Приседал, прыгал и поднимал ящик с колбасой. Больше всего озябли пальцы, и ящик держать было неудобно. Пытался согреть руки в карманах – не очень-то помогло. Полез к единственному источнику тепла – лампе. Прямо по ящикам с колбасой. Но лампа была за плафоном, грела слабо. Порыскал в карманах – двушка была слишком толстой, а вот копейка идеально влезла в прорезь шурупа. Открутил шурупы, снял плафон. Потянулся руками к лампочке. Стоять было неудобно, батоны проминались под ногами, ворочались, как живые. Покачнувшись, заехал рукой по лампе. Та не разбилась, но погасла.
В темноте, присев на корточки и спрятав кисти под мышками, просидел долго. Изредка вставал и молотил в дверь.
Пел песни, почему-то чаще всего про "земля в иллюминаторе видна".
Как стукнул замок, не услышал. Лишь вздрогнул от появившейся полоски света и аханья заведующей.

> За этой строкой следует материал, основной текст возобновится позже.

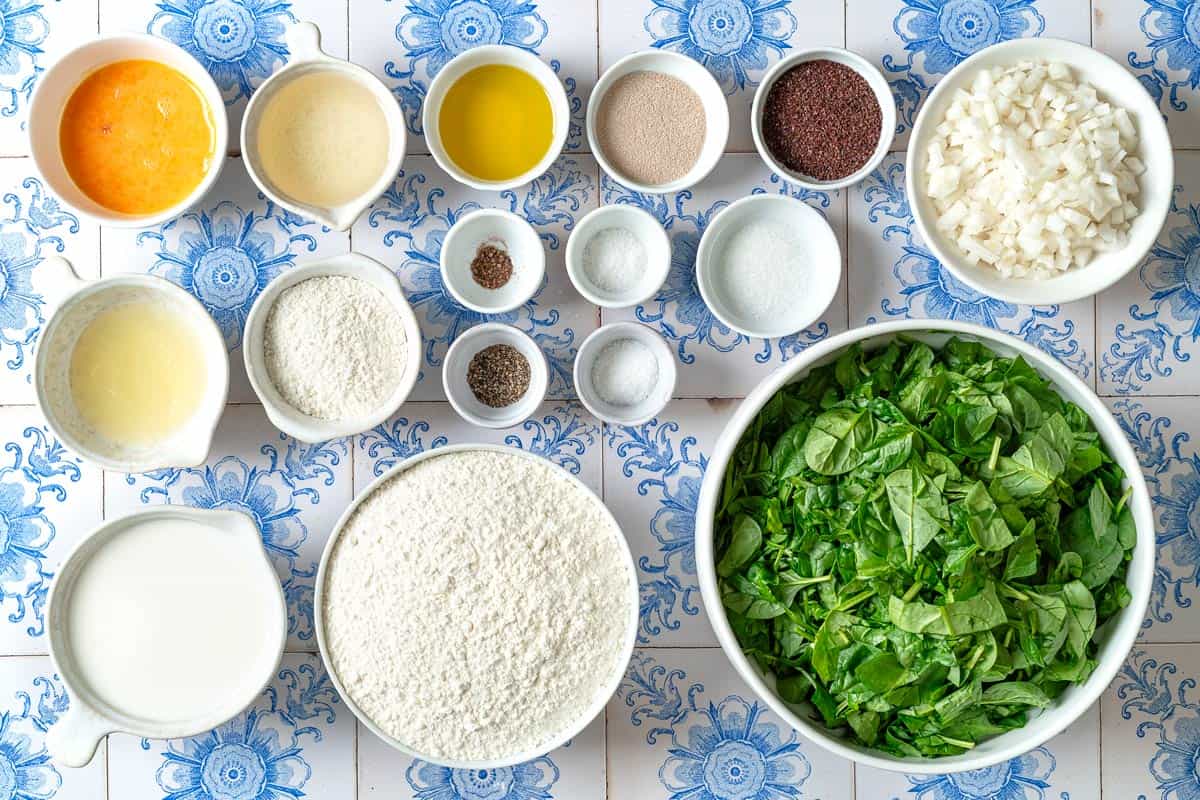 Ingredients for Fatayer Spinach and Onion Hand Pies including flour, sugar, milk, yeast, grape seed oil, spinach, salt, olive oil, chopped onion, sumac, pepper, allspice, lemon juice, and 1 beaten egg.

Валентина оттащила меня к себе в кабинет. Принесла тарелку горящего борща. Поколебавшись, достала из стола бутылку коньяка.
"Или водочки?", - участливо заглянула в глаза.

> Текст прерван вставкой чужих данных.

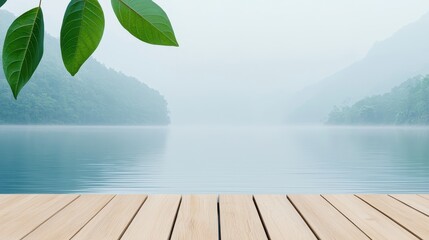 Wellness meditation detox concept. Serene landscape with calm water, mountains, and lush green leaves in a misty atmosphere.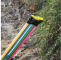 Multicolored fiberoptic cables being installed in a trench next to dirt and green plants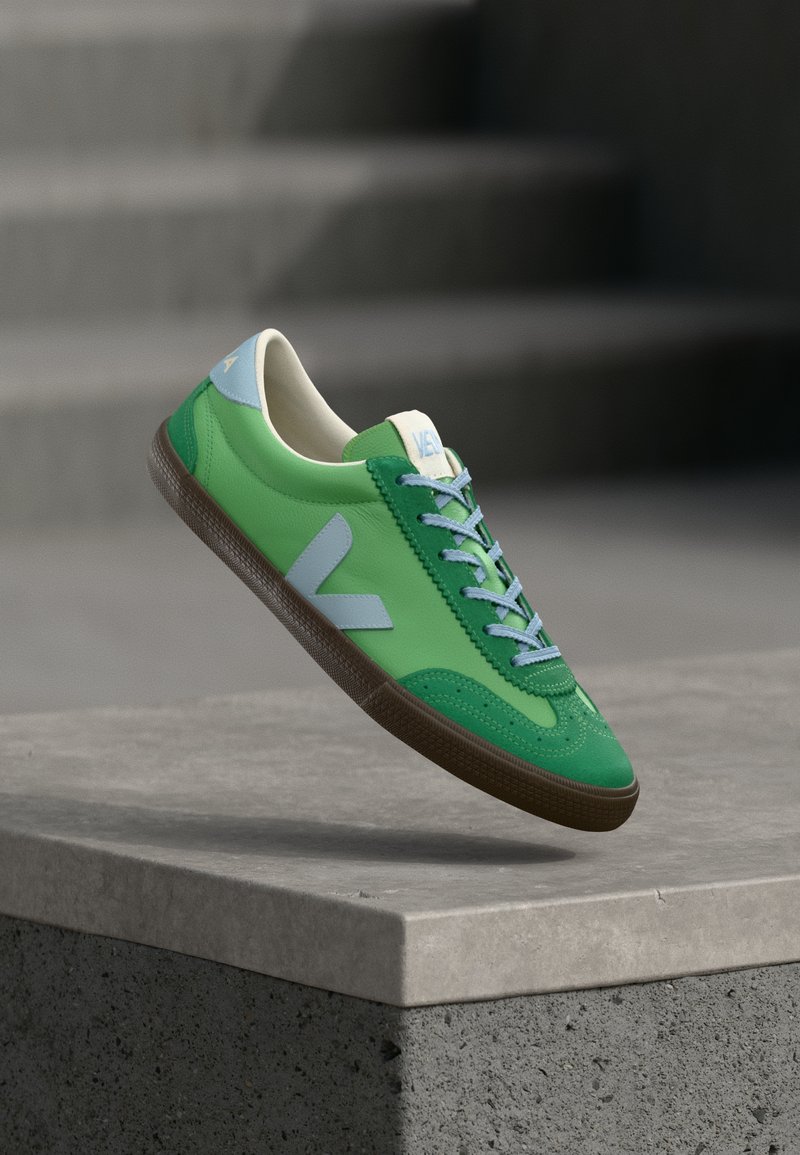 Baskets en cuir vert à texture lisse, avec des accents bleu clair, une semelle en caoutchouc marron et des lacets contrastants.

Чистую водку я никогда не пил, но отказать было не удобно.
Налитые мне полстакана пил мелкими глотками, стараясь не дышать носом.
"Как молоко пьёт!" - сунулся в кабинет Лауреат, но Валентина лишь зло зыркнула на него.
В общем, это из-за Лауреата она и забыла про меня.
Заведующая чуть не плакала.
"Ты только не рассказывай никому, ладно?" - просила она.
Лицо и уши горели. В голове приятно шумело. Только в желудке водка с трудом уживалась с супом, ёкая и отрыгаясь.
"Так ведь все и так знают", - удивился я. "Лауреат уж наверняка рассказал..."
Я стремительно пьянел. Постеснявшись, попросил еще полстакана.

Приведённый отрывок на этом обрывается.